### WHAT YOU ARE ASKED TO DO
When you find the line with "پیکر مطهر شهید" among the records below, reproduce it and each line after it exactly, ending with the line with "Excavadora de cadenas".

### MATERIAL FOR THE TASK

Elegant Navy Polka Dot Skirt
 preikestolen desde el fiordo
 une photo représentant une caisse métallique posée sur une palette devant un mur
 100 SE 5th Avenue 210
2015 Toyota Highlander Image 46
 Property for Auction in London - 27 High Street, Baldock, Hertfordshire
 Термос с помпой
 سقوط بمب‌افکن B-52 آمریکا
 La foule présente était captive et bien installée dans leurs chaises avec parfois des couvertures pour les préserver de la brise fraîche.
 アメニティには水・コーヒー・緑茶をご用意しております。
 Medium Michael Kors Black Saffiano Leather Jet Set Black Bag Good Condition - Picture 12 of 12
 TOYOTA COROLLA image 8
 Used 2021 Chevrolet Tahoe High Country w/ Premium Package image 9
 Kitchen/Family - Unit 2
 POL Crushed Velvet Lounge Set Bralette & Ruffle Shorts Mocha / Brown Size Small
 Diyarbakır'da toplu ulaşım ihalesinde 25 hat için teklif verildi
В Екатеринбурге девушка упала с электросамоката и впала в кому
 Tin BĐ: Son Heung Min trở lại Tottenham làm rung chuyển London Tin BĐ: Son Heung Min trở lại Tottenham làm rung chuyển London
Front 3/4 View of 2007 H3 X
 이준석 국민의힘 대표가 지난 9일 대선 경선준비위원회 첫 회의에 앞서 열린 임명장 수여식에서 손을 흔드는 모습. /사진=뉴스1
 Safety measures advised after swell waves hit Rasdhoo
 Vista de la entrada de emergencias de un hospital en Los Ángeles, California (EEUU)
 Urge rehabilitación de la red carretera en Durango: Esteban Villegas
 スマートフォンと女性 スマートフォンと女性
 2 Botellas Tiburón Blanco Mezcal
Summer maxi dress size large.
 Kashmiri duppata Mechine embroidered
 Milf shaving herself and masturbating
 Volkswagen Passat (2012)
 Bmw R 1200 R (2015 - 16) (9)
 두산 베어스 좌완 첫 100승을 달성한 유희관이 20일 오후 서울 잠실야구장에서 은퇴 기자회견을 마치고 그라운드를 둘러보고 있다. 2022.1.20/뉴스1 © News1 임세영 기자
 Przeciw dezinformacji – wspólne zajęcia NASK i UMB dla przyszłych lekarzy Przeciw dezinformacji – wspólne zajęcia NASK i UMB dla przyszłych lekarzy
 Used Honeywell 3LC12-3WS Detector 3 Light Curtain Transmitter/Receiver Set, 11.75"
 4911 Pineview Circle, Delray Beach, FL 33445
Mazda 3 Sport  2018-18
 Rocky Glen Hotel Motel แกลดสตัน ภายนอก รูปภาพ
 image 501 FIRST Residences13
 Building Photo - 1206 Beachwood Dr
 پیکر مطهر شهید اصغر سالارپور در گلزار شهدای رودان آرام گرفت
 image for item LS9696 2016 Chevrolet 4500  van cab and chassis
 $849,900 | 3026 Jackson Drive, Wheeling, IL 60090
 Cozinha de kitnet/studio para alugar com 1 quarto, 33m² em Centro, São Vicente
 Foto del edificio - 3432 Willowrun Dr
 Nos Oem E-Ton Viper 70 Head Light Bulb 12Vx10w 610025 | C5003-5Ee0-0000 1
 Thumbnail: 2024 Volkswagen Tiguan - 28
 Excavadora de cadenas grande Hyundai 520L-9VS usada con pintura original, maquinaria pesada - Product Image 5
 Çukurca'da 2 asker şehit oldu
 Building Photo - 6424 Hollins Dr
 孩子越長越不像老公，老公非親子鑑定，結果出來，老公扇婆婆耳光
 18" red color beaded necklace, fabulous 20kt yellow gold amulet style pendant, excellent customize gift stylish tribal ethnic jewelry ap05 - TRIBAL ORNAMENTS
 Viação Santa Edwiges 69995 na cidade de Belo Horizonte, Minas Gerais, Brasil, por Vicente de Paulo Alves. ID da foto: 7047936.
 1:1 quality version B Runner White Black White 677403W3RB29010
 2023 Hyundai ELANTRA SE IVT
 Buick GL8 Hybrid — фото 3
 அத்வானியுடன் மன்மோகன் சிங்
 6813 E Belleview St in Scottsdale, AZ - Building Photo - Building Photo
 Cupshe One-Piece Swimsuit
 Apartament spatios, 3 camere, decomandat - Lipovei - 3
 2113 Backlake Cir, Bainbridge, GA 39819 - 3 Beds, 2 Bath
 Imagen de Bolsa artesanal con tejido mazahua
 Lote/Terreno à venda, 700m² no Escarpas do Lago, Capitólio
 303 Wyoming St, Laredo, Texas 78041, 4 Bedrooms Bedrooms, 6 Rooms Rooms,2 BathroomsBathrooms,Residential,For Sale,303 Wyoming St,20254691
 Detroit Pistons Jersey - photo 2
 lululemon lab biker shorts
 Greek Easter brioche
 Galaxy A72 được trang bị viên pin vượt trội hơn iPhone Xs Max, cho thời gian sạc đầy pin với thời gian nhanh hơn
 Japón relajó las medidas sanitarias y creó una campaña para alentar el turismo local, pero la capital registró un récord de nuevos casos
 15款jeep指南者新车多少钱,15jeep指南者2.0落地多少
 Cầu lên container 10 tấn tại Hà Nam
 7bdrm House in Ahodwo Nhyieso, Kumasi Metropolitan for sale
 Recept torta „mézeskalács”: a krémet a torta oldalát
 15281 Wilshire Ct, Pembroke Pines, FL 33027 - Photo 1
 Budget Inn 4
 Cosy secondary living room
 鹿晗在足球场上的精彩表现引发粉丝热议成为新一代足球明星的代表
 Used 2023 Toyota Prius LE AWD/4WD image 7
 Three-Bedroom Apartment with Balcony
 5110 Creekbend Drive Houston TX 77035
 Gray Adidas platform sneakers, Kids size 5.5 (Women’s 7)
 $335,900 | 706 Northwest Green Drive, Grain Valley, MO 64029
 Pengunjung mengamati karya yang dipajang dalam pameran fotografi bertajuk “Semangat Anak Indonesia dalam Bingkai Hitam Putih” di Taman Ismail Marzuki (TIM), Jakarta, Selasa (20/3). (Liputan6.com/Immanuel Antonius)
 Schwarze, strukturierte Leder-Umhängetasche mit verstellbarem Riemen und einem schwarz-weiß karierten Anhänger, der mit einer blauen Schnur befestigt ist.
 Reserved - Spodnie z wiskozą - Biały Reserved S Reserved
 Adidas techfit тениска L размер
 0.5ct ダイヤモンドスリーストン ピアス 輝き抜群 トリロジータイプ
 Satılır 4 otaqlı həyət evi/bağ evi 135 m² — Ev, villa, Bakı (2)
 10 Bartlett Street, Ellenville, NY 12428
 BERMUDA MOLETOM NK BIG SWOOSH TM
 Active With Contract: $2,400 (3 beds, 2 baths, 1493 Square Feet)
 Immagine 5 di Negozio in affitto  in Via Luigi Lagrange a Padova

### ANSWER
 پیکر مطهر شهید اصغر سالارپور در گلزار شهدای رودان آرام گرفت
 image for item LS9696 2016 Chevrolet 4500  van cab and chassis
 $849,900 | 3026 Jackson Drive, Wheeling, IL 60090
 Cozinha de kitnet/studio para alugar com 1 quarto, 33m² em Centro, São Vicente
 Foto del edificio - 3432 Willowrun Dr
 Nos Oem E-Ton Viper 70 Head Light Bulb 12Vx10w 610025 | C5003-5Ee0-0000 1
 Thumbnail: 2024 Volkswagen Tiguan - 28
 Excavadora de cadenas grande Hyundai 520L-9VS usada con pintura original, maquinaria pesada - Product Image 5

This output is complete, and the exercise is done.